Cuyahoga County, Ohio, is seeking a partner to bring to fruition its ambitious plans for multiple microgrids coordinated by a newly created county utility.
The county recently issued a request for qualifications (RFQ) for a partner to get the new county utility up and running.
“Microgrids are a forward-thinking way to serve our community with reliable power in a time when weather and outages can be unpredictable,” said Armond Budish, county executive, noting the massive power outages that Hurricane Ian recently brought to Florida.
“We’ve had positive momentum on our county utility and the release of this RFQ is the next step to making our county resilient and better prepared for anything,” Budish said.
The energy project is part of the county’s plan to reinvigorate its economy – it was once a hub of manufacturing – while pursuing climate goals and advancing equity. Cuyahoga County, which includes Cleveland, is the second most populated county in Ohio with 1.2 million people.
Why Cuyahoga County is creating a utility
The county said it is establishing its own utility because it has run into barriers to microgrids caused by conventional utility policies and regulations in Ohio.
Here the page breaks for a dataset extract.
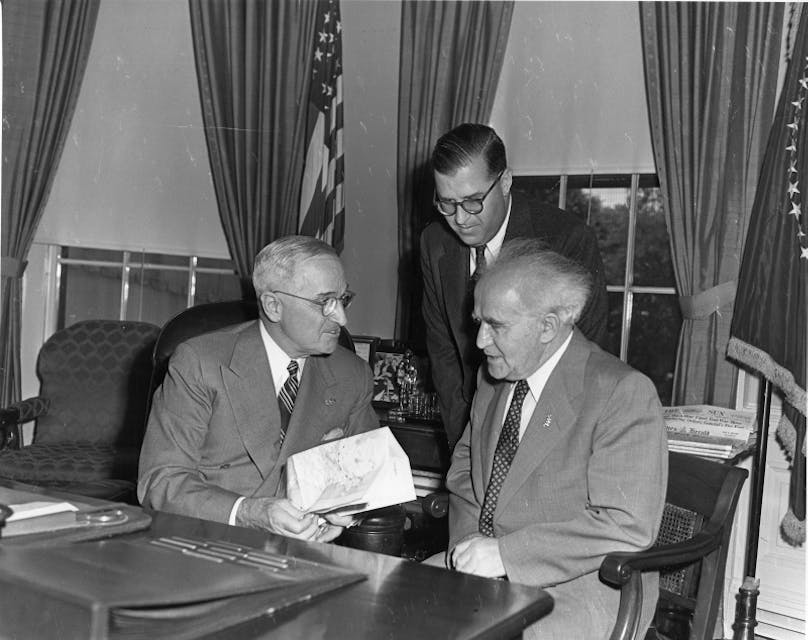 President Harry S. Truman (left) meets with Israeli Prime Minister David Ben-Gurion (right) and Israeli Ambassador Abba Eban (standing) in a gift ceremony in the Oval Office.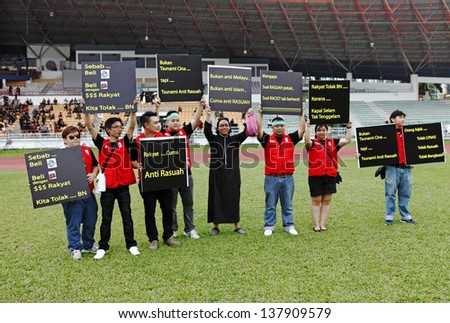 PETALING JAYA, MALAYSIA - MAY 8: Protester with political placard at a political rally against the Malaysia 13th general election vote result on May 8, 2013 in Stadium MBPJ, Petaling Jaya, Malaysia.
“These barriers include high electricity rates with inflated riders; unfavorable rate mechanisms and onerous regulation that limit the value and deployment of renewable energy; subsidies for coal plants; an unstable grid; high energy burdens on low-income communities; and a corruption scandal involving state agencies and the local investor-owned utility,” the county wrote in the RFQ.
Cuyahoga County has won the necessary legal approvals to move forward on the utility, which will be much like a municipal utility, allowing the county to set electricity rates, create interconnection rules and establish other policies designed to lower energy costs and improve service.
“A utility operated with more sophisticated and economic coordination between responsive loads, local generation and wholesale power supply could support a higher percentage of renewables, very high uptime and usher in advanced technologies,” the county said in the RFQ.
“The county envisions Cuyahoga County becoming a microgrid industry hub in the United States – pairing industry leaders with research institutions such as NASA …”
Cuyahoga County believes the microgrids and county utility would “attract advanced manufacturing to the county, catapult clean energy companies in the region, and make progress on climate initiatives. The county envisions Cuyahoga County becoming a microgrid industry hub in the United States – pairing industry leaders with research institutions such as NASA and academic institutions such as Case Western and Cleveland State University.”
The idea of creating new utilities for microgrids also has emerged in California, where residential solar company Sunnova Energy recently proposed creating microutilities for neighborhoods with microgrids.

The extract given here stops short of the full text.